>>>
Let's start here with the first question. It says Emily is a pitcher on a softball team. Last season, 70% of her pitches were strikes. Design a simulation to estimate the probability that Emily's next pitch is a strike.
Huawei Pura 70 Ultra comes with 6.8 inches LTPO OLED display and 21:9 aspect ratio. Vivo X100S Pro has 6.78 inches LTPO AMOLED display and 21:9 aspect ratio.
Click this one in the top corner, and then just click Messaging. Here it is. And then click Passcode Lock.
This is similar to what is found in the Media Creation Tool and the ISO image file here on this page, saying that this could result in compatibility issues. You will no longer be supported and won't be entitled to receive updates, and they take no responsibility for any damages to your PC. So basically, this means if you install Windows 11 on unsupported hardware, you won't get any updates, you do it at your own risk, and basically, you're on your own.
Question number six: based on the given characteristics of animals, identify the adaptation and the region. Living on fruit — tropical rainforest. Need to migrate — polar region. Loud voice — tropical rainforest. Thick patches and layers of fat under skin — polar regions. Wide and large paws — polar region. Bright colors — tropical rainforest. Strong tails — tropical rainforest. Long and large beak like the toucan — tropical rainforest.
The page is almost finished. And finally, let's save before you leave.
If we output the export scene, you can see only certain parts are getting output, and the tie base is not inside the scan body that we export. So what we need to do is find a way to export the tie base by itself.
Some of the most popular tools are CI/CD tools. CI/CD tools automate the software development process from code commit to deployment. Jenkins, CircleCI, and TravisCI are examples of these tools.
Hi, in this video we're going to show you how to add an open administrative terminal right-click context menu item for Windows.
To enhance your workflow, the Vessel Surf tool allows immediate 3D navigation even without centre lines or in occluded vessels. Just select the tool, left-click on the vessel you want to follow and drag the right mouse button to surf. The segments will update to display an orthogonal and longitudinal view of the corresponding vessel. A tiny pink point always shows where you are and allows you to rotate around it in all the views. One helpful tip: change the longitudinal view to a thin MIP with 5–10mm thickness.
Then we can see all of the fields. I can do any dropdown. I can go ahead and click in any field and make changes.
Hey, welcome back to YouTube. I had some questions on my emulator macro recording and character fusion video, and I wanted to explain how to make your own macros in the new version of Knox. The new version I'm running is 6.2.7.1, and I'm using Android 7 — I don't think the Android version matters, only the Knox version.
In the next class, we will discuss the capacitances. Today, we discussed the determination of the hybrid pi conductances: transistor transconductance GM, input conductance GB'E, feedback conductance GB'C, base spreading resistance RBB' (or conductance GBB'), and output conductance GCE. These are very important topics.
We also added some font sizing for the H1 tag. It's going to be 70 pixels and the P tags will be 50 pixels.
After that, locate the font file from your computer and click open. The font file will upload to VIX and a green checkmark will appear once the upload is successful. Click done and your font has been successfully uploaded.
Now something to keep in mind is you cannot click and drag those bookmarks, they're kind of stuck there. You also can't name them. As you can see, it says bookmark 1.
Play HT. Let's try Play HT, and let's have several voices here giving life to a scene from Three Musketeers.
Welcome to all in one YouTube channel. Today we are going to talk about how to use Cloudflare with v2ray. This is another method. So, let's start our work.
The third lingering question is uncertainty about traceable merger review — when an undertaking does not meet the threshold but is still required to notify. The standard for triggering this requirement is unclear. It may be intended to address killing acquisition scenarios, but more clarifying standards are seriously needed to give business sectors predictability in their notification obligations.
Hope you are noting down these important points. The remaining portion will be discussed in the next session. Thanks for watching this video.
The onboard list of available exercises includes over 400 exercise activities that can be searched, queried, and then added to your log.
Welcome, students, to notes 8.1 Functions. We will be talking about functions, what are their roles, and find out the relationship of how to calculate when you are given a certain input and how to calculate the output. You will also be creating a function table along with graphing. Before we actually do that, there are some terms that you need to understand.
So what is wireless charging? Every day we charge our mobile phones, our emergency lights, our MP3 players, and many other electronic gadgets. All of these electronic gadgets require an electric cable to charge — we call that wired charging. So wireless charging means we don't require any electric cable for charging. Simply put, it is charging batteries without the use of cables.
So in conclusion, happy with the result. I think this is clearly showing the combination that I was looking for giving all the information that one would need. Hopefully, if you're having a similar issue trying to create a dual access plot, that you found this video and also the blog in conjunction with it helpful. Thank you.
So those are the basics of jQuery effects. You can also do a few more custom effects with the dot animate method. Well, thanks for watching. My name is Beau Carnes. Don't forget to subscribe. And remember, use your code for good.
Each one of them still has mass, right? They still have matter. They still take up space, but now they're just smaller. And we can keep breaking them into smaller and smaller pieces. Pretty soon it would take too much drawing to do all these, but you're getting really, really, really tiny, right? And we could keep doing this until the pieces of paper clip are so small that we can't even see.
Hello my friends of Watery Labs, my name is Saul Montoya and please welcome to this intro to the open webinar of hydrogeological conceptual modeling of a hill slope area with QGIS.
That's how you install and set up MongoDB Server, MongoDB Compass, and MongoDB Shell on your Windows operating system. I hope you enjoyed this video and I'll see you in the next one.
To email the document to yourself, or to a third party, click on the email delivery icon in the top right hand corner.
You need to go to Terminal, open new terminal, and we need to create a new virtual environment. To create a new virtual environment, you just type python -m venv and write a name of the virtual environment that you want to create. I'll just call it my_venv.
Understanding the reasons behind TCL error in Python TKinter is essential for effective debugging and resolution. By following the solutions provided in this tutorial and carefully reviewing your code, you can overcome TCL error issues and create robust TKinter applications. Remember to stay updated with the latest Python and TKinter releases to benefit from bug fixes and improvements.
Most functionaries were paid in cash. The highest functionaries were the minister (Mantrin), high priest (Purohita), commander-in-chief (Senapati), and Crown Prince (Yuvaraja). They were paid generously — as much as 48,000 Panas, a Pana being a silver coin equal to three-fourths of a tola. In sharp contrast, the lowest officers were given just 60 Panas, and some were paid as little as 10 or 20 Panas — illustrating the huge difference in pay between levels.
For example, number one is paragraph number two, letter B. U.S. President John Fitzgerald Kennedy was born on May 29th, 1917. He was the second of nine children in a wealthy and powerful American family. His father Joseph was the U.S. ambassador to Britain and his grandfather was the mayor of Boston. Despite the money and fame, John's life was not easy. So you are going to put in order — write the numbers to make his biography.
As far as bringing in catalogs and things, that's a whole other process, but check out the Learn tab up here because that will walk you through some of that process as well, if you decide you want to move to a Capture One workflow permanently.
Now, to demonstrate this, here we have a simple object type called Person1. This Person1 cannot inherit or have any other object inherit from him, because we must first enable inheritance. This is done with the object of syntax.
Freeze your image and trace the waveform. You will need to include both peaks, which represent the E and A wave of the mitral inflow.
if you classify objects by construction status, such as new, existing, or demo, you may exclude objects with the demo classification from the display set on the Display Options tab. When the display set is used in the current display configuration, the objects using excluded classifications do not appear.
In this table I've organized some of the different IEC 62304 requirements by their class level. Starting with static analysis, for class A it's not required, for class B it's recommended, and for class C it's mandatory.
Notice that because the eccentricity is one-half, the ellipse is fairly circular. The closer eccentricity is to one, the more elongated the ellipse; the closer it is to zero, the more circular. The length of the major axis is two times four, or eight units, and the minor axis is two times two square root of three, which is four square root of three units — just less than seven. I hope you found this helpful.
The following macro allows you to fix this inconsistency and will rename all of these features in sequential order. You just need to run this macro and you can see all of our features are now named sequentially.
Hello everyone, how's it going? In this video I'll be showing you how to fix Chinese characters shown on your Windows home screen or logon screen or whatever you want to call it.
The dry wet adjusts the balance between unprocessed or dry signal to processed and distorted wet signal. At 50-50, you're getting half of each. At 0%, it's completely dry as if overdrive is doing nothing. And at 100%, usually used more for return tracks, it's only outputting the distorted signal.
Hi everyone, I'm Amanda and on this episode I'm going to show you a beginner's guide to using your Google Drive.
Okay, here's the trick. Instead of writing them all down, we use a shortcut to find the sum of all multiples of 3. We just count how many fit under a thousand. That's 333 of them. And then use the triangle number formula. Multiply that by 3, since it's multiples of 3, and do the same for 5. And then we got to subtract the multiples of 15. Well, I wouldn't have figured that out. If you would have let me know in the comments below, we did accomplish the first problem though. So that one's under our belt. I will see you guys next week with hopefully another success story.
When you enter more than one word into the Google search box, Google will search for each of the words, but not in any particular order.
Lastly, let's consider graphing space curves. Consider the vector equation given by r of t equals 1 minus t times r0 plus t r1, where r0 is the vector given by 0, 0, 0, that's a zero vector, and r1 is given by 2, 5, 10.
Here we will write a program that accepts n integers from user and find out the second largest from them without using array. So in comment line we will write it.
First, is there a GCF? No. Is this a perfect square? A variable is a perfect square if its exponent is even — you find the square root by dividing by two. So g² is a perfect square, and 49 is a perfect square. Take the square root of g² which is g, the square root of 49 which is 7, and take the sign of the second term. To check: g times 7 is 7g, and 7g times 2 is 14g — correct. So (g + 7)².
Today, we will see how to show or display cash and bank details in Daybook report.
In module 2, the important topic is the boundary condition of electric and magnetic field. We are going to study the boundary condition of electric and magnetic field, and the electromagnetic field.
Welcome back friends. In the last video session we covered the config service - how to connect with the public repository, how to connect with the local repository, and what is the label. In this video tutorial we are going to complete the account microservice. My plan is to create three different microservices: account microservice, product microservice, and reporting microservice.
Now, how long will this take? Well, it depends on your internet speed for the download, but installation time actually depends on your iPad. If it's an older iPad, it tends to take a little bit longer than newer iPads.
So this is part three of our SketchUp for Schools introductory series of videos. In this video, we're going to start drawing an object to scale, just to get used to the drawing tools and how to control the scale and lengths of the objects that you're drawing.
<<<
Show every line above in which the word "method" occurs.

Welcome to all in one YouTube channel. Today we are going to talk about how to use Cloudflare with v2ray. This is another method. So, let's start our work.
So those are the basics of jQuery effects. You can also do a few more custom effects with the dot animate method. Well, thanks for watching. My name is Beau Carnes. Don't forget to subscribe. And remember, use your code for good.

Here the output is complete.